Dedup
The dedup
command is used to remove duplicate groups from a pairwise file that shares very high similarity.
Usage: DBRetina dedup [OPTIONS]
Deduplicate the pairwise distance file using ochiai similarity
Options:
-i, --index-prefix TEXT Index file prefix [required]
-p, --pairwise PATH the pairwise TSV file [required]
-c, --cutoff FLOAT RANGE ochiai similarity cutoff [0<=x<=100; required]
-o, --output TEXT output file prefix [required]
--help Show this message and exit.
Command arguments
-i, --index-prefix TEXT Index file prefix [required]

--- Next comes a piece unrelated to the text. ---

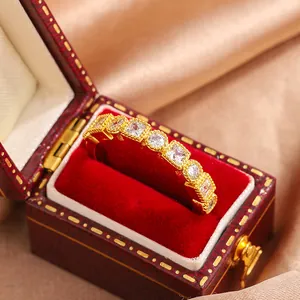 Detailed view of gold-plated lace ring with sparkling white stones in a vintage jewelry box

This is the user-defined prefix that was used in the indexing step as an output prefix.
-p, --pairwise PATH the pairwise TSV file [required]
The original or a filtered pairwise TSV file.
-c, --cutoff FLOAT RANGE filter out similarities < cutoff [default: 0.0; 0<=x<=100]
The -c --cutoff
argument uses the Ochiai metric.
-o, --output TEXT output prefix [required]
The output files prefix.
Output files format
{output_prefix}_deduplicated_groups.txt
The final deduplicated groups file. This file can be used with the DBRetina filter
command to filter out the groups that are not present in the final deduplicated groups file.
Created: July 8, 2023